It was formerly a parish in the county of Middlesex covering the neighbouring areas of Eastcote, Northwood, Ruislip Manor and South Ruislip. The parish appears in the Domesday Book, and some of the earliest settlements still exist today, designated as local heritage sites. The parish church, St Martin's, dates back to the 13th century and remains in use. The buildings at the northern end of Ruislip High Street form the core of the original village square and are now Grade II listed. It originally featured a central water pump which was moved out of the road in the 1970s as a result of increased traffic.
The expansion of the Metropolitan Railway in the early 20th century acted as a catalyst for development in the area. A station was opened in Ruislip in 1904 and the parish council created a new urban district to address the forthcoming population growth. The Ruislip-Northwood Urban District continued until 1965 when Ruislip became part of the newly established London Borough of Hillingdon. Between 1911 and 1961, Ruislip-Northwood experienced a significant rise in population, from 6,217 to 72,791, largely attributed to the extension of the railway.
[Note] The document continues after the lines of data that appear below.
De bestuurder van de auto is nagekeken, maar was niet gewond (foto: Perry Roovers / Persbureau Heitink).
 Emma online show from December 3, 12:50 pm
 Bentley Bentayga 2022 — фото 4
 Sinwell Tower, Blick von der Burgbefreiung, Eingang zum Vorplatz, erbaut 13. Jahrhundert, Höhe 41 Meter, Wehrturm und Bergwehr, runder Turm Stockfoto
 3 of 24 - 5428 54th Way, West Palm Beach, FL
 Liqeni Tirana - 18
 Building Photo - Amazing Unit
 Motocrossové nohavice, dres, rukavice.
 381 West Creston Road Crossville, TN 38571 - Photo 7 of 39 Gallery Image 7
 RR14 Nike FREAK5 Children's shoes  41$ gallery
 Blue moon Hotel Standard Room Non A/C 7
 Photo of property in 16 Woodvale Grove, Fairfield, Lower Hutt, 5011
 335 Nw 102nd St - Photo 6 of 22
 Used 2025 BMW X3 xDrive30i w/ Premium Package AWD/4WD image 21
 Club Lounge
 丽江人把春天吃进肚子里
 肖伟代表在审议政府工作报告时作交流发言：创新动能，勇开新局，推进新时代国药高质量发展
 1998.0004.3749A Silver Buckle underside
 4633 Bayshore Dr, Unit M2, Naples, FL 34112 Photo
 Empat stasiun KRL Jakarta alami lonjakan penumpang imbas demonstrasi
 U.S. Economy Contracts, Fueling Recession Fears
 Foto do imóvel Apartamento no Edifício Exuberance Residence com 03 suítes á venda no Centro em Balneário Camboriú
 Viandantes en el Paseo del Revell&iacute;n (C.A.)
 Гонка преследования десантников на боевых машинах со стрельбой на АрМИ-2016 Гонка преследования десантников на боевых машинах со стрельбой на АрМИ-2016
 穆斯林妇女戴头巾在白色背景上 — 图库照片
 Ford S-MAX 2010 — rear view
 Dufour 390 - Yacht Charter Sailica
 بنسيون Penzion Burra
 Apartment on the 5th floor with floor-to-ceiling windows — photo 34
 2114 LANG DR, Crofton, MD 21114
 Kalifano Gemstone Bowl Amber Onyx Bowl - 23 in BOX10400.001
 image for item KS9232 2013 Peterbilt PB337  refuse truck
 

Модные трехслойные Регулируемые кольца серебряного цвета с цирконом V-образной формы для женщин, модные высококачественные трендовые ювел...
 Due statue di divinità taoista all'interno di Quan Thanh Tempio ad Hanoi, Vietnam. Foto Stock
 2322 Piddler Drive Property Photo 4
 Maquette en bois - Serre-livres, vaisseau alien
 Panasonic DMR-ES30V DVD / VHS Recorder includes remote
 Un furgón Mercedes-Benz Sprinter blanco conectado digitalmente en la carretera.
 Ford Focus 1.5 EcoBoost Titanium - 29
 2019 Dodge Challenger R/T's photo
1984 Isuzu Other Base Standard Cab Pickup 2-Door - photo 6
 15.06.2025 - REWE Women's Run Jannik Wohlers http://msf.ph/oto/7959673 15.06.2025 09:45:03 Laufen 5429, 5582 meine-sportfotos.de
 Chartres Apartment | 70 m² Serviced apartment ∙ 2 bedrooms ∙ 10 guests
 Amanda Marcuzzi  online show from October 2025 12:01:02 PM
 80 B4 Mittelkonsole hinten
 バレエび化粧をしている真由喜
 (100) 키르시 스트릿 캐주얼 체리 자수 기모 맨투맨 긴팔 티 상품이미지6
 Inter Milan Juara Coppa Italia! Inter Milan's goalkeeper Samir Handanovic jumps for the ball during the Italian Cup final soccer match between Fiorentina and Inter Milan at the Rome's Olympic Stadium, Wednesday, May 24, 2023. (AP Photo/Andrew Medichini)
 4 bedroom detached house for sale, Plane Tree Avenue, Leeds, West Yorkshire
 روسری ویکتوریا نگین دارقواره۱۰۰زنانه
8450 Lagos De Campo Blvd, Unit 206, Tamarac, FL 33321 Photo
Major landmarks in the area include Ruislip Lido, a former reservoir, now an area of public parkland with its own miniature railway and Manor Farm, a settlement dating from the 9th century which is now designated as a local heritage site. Ruislip is included within the Ruislip, Northwood and Pinner Parliament constituency and is covered by three electoral wards within the local council.
Ruislip is one of the ancient parishes of Middlesex. From 1894 to 1904 it was part of Uxbridge Rural District and from 1904 to 1965 it was administered as Ruislip Northwood Urban District. In 1965 civil parishes in the newly-created Greater London were abolished and the former territory of Ruislip became part of the London Borough of Hillingdon.